Yes, and somewhere in there the widow passed on to him what she had learned from the Chinese—that they had become successful manipulators of the Universe by combining harmonious minds.

• • •

Yes, and then he had his pilot fly him to Manhattan, the Island of Death. He intended to die there, to join his sister in the afterlife—as a result of inhaling and ingesting invisible Chinese communists.

Captain O’Hare, not wishing to die yet himself, lowered his President by means of a winch and rope and harness to the observation deck of the Empire State Building.

The President spent the remainder of the day up there, enjoying the view.
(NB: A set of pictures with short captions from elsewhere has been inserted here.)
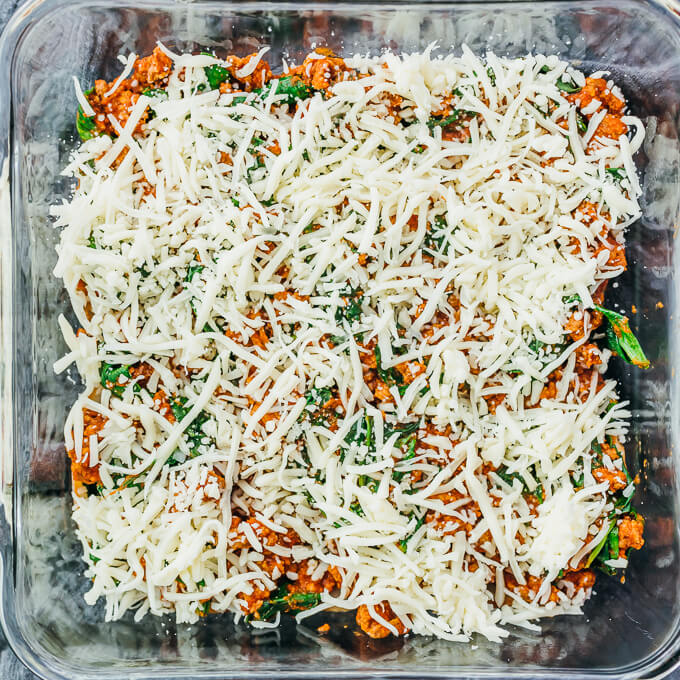 shredded mozzarella cheese in baking dish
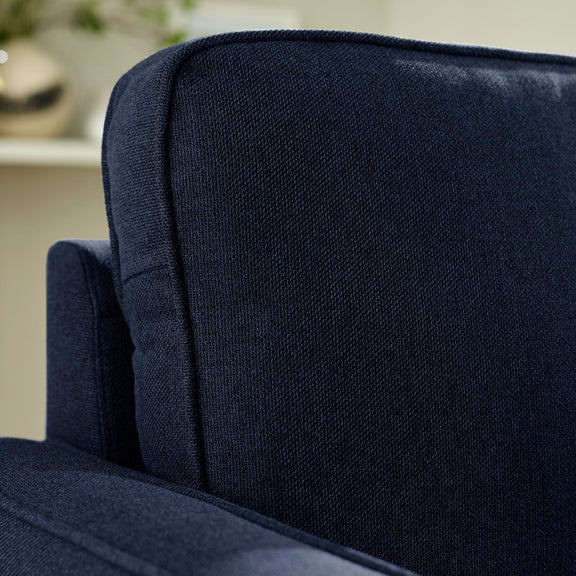 Close-up of a navy blue upholstered chair with a blurred background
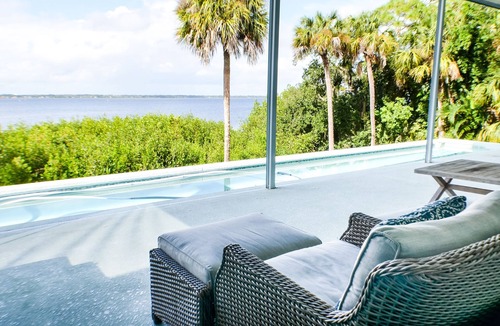 Merritt Island House | Waterfront Sunset View Home W/Pool. King bed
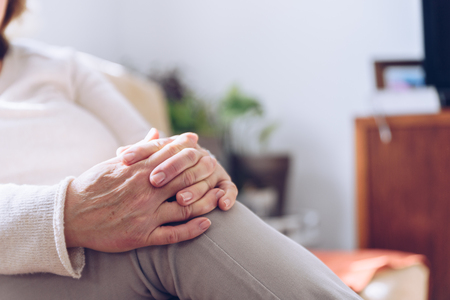 Close up of senior woman hands while sitting on the sofaの写真素材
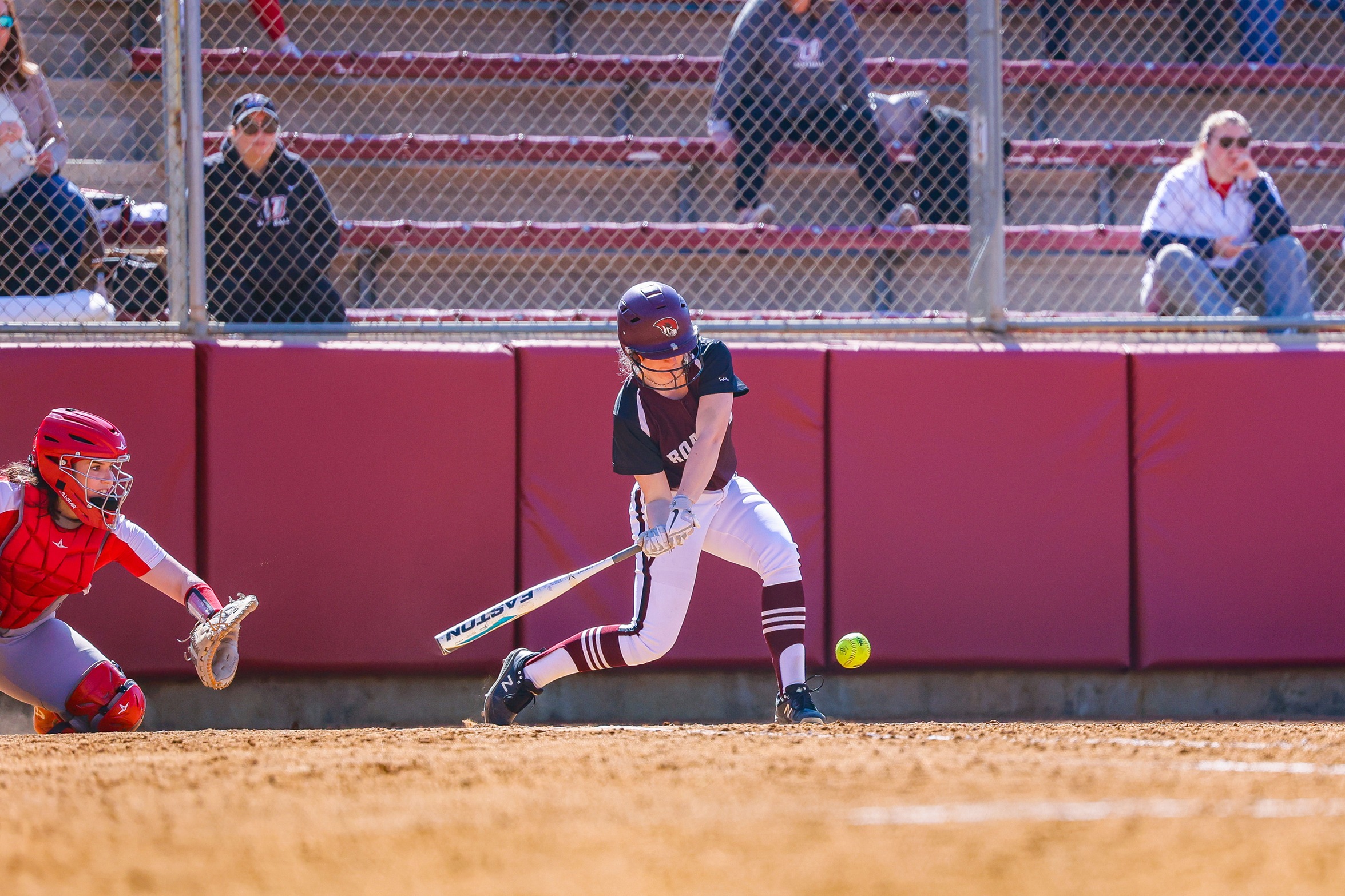 action photo of RC softball player hitting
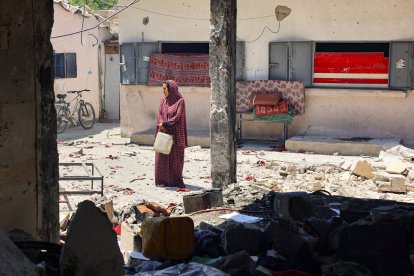 Una mujer sostiene una botella de plástico frente a una escuela destrida en Gaza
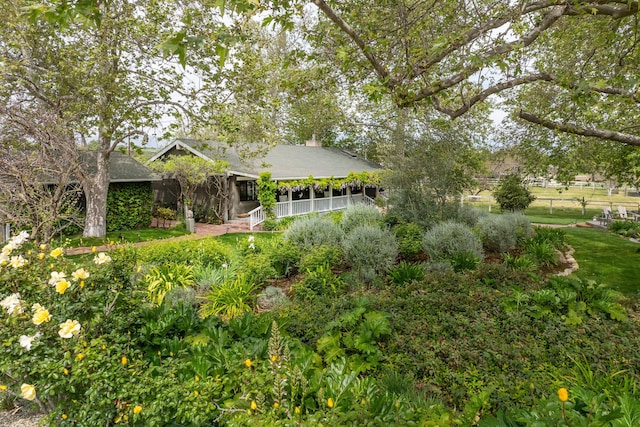 exterior space featuring a chimney and fence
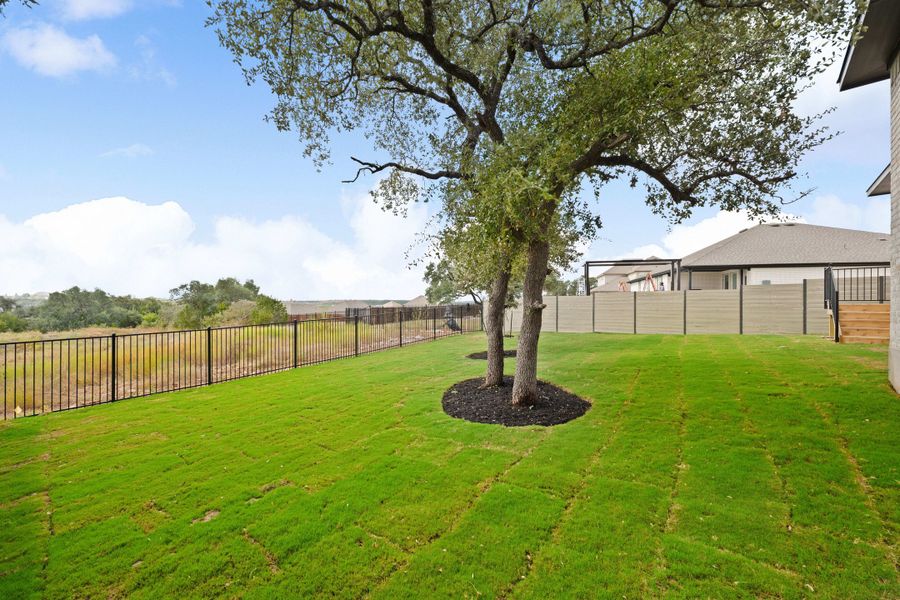 Exterior details and patio area of a home in Wolf Ranch, Georgetown (Image 29).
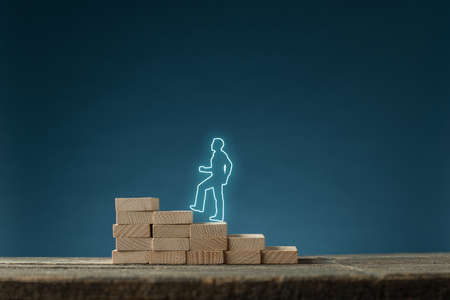 Glowing sihouette of businessman walking up the stairs made of wooden pegs in a conceptual image....
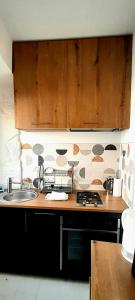 a kitchen with a sink and a counter top at Appartement quartier des Halles in Douarnenez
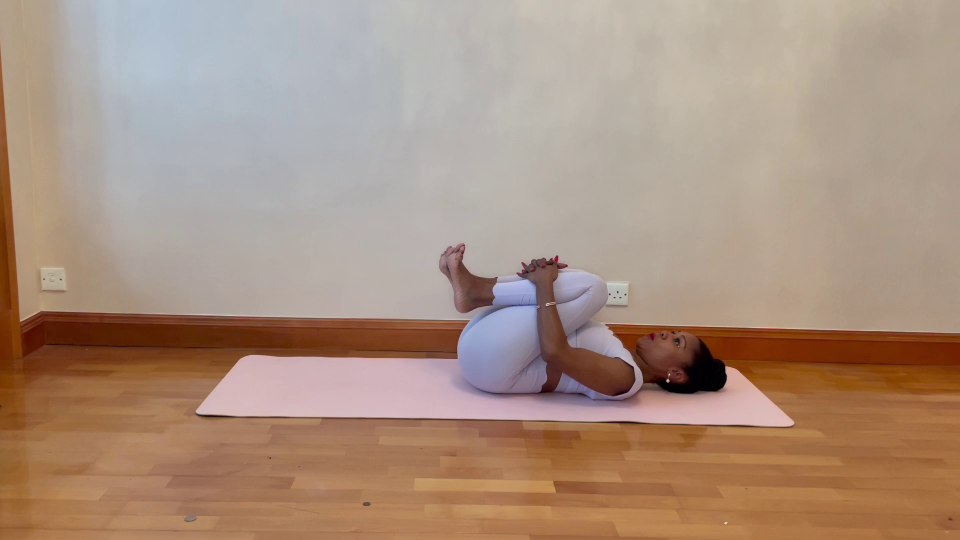 Yoga pose to relieve trapped wind.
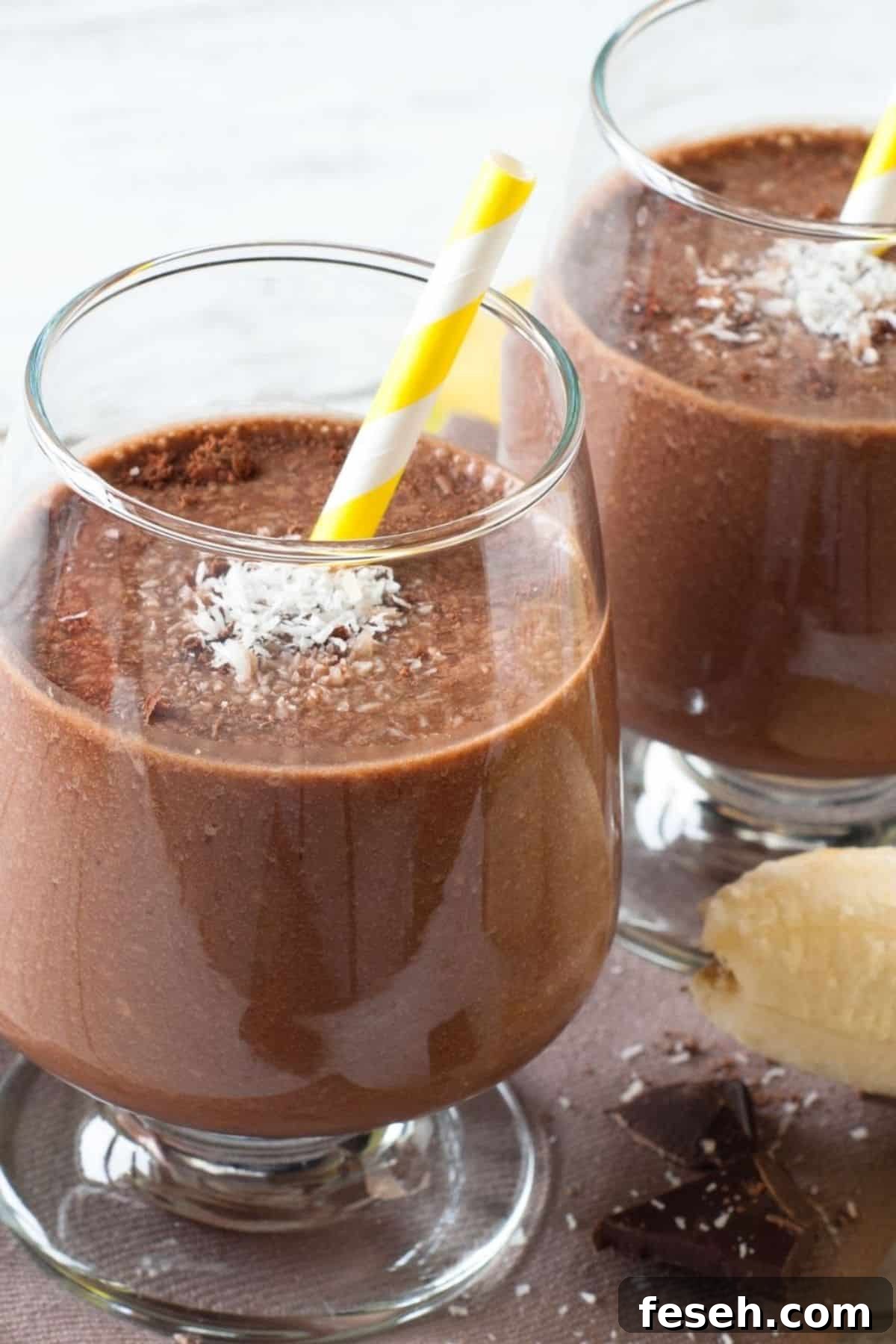 Chocolate Peanut Butter Banana Smoothie Recipe for Creamy Energy 3 Two glasses with yellow-striped straws, topped with shredded coconut.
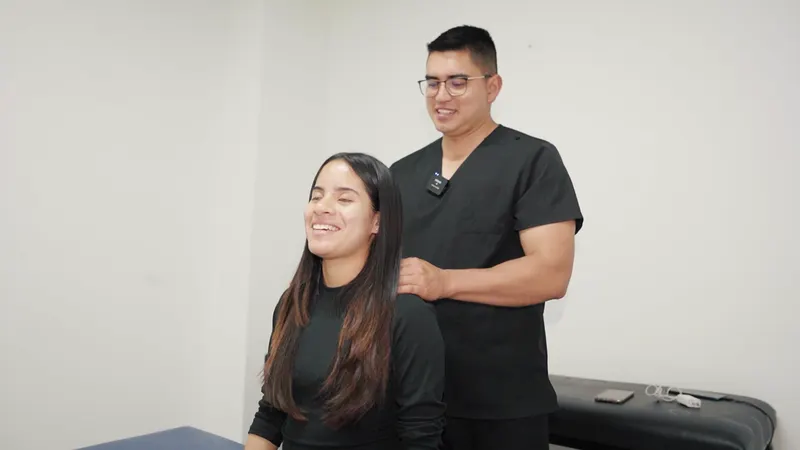 El profesional de QuiroFit realiza trabajo manual en cuello y hombros de una mujer sentada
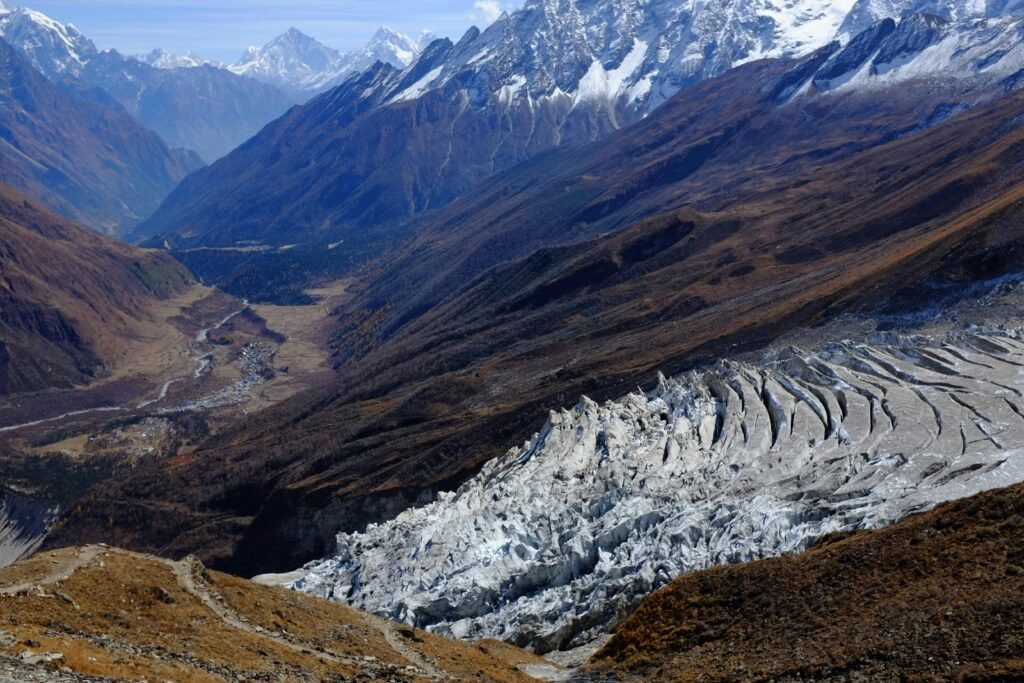 A breathtaking view of Samagaun village as seen from Manaslu Base Camp, nestled in a wide valley with traditional stone houses, alpine meadows, and majestic Himalayan mountains in the distance.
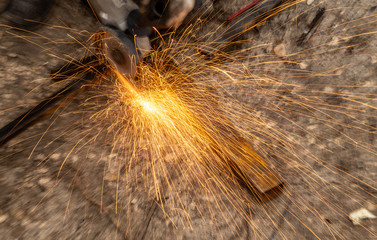 Naklejka na ściany i meble Sparks from sawing metal at a construction site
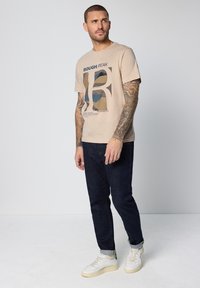 Beige bomulls-t-shirt med ett grafiskt tryck i blått och brunt, kombinerad med mörka jeans och vita sneakers med gröna detaljer.
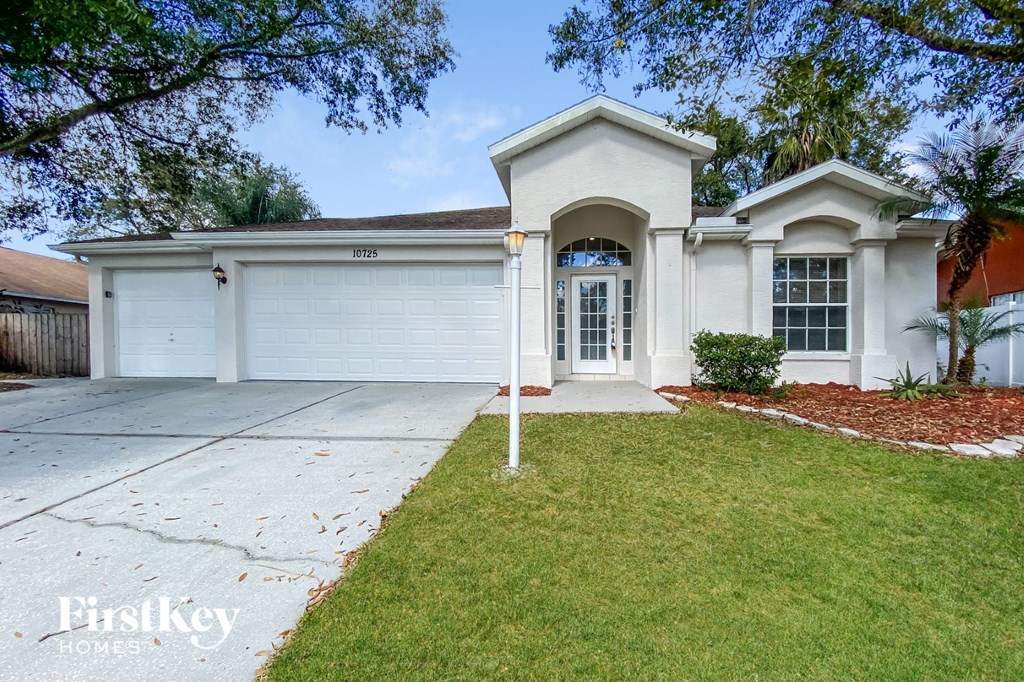 a white house with a driveway and a garage door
And then, breathing deeply with every few steps, hoping to inhale Chinese communists, he descended the stairs.

It was twilight when he reached the bottom.

• • •

There were human skeletons in the lobby—in rotting nests of rags. The walls were zebra-striped with soot from cooking fires of long ago.

There was a painting of Jesus Christ the Kidnapped on one wall.

Dr. Swain for the first time heard the shuddering whir of bats leaving the subway system for the night.

He considered himself to be already a dead man—a brother to the skeletons.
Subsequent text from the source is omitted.